Al Circolo dei lettori di Torino si presenta il libro “Reale Società Ginnastica di Torino 1844-2019”

Presenti i due autori Fabrizio Turco e Antonella Beggiato, il presidente Emanuele Lajolo di Cossano e Mauro Berruto, commissario tecnico della Nazionale Italiana di Pallavolo dal 2010 al 2015. Racconta la Società sportiva più antica del nostro Paese, fondata esattamente 17 anni prima dell’Unità d’Italia (17 marzo 1861)

Al Circolo dei lettori di Torino si presenta il libro “Reale Società Ginnastica di Torino 1844-2019”

Il 17 marzo 2019 si è celebrato il 175° anniversario della Reale Società Ginnastica di Torino, fondata il 17 marzo 1844, esattamente 17 anni prima della proclamazione dell’Unità d’Italia avvenuta il 17 marzo 1861.

Per questa speciale ricorrenza è stato realizzato e presentato “Reale Società Ginnastica di Torino 1844-2019”, volume storico-fotografico edito da Priuli & Verlucca, che verrà presentato nuovamente il 23 maggio 2019 alle ore 21:00 al Circolo dei Lettori di Torino (via Giambattista Bogino 9) ad ingresso libero.

Sul piano sportivo e agonistico La Reale Società Ginnastica è stata insignita dal C.O.N.I. della Stella e del Collare d’Oro al merito sportivo, ha vinto 7 medaglie d’oro alle Olimpiadi, 14 medaglie d’oro ai Campionati Europei ed altri titoli internazionali, oltre 150 Scudetti Tricolore, tra cui quello vinto nel rugby (unico nella storia dello sport piemontese) ed ha partecipato, 121 anni fa, al primo campionato italiano di calcio che disputò l’8 maggio 1898 al Velodromo Umberto I di Torino insieme alle squadre F.C. Torinese, Internazionale e Genoa.

Il libro racconta i 175 anni di storia di questo grande progetto, dalle guerre risorgimentali ai giorni nostri, con bellissime immagini di archivio e con testi del giornalista Fabrizio Turco per ciò che riguarda la storia della Società e di Antonella Beggiato per la più recente storia della FLIC Scuola di Circo.

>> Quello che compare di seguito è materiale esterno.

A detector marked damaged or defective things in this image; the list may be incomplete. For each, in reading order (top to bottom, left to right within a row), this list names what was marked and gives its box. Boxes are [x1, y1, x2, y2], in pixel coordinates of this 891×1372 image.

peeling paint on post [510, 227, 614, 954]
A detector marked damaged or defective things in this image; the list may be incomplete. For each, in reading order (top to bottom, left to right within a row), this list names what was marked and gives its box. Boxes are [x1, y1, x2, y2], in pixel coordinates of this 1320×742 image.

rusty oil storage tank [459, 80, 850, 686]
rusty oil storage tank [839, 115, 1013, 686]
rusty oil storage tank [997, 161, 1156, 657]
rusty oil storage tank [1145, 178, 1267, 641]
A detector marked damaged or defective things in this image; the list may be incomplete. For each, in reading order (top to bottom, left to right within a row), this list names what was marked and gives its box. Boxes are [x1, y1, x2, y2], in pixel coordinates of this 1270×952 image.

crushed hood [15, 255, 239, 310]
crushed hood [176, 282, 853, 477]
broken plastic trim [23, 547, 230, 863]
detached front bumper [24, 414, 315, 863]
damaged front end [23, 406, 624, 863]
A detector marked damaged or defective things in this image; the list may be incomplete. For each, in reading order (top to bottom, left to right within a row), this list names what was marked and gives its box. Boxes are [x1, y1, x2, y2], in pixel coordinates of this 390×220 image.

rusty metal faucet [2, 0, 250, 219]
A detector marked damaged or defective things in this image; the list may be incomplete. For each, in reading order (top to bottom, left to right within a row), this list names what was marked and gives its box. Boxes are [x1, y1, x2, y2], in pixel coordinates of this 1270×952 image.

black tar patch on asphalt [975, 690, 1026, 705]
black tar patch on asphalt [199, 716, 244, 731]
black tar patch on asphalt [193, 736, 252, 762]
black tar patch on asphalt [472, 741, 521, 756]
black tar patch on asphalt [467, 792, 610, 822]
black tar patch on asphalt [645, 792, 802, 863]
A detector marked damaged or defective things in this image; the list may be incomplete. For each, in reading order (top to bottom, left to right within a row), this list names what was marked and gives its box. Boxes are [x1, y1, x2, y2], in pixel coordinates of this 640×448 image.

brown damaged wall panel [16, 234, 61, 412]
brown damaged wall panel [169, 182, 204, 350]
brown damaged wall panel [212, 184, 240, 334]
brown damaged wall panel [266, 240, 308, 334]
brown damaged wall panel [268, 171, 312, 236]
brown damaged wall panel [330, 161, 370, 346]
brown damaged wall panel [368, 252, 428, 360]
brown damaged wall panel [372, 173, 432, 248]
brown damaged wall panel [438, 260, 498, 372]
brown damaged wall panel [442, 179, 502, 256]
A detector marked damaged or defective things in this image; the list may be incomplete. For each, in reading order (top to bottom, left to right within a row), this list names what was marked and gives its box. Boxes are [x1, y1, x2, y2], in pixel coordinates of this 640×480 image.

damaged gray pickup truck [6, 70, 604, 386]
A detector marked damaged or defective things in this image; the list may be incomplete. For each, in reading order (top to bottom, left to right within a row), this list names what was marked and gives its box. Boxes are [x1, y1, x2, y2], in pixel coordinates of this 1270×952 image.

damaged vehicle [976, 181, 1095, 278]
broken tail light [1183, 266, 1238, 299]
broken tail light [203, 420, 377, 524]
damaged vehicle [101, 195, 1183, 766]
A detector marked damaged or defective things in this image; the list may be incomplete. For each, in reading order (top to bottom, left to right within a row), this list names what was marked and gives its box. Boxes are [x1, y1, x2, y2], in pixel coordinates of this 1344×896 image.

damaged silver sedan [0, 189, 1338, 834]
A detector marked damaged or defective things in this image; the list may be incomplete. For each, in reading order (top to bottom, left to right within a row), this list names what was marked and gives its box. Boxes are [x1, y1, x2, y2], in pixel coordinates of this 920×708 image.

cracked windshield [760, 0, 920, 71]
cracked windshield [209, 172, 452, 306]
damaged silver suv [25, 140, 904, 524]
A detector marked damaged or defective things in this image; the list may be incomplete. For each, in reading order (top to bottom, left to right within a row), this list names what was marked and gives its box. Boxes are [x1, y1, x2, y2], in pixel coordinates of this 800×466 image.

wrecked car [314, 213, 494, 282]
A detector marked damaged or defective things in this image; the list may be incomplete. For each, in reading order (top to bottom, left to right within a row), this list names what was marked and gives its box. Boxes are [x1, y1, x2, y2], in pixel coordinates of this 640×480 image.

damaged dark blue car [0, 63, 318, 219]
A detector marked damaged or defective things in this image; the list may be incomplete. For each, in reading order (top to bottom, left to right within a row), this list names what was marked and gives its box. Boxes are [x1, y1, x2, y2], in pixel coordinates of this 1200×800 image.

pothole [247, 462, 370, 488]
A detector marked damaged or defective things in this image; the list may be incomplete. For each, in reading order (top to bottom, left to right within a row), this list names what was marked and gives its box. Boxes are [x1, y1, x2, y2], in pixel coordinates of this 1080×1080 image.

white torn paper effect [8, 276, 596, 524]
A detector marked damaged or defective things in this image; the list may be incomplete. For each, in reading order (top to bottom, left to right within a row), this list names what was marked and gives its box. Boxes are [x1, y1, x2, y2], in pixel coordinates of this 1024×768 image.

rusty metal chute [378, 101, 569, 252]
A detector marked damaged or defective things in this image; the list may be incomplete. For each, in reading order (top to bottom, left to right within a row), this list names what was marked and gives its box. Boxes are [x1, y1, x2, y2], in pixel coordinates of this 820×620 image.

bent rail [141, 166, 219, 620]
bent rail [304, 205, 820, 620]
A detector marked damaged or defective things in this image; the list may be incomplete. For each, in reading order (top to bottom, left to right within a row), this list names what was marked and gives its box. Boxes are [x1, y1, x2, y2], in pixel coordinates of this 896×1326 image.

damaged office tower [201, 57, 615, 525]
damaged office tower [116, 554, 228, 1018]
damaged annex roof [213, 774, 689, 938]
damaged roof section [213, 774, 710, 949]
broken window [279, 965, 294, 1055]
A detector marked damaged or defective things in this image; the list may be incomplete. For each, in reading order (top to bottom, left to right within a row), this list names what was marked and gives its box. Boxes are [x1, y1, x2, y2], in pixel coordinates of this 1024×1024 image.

Durante gli interventi dei due autori, del presidente della Reale Società Ginnastica Emanuele Lajolo di Cossano e di Mauro Berruto, commissario tecnico della Nazionale Italiana di Pallavolo dal 2010 al 2015, verranno proiettate le bellissime fotografie contenute nel volume ed alcuni brevi video.

Il libro mette in risalto, oltre all’aspetto prettamente sportivo, diverse curiosità, cenni storici ed eventi che legano inscindibilmente la storia di questa Società alla storia dello sport, ma anche alla storia della Città di Torino, dell’intera Nazione e dello sviluppo del nostro tessuto sociale.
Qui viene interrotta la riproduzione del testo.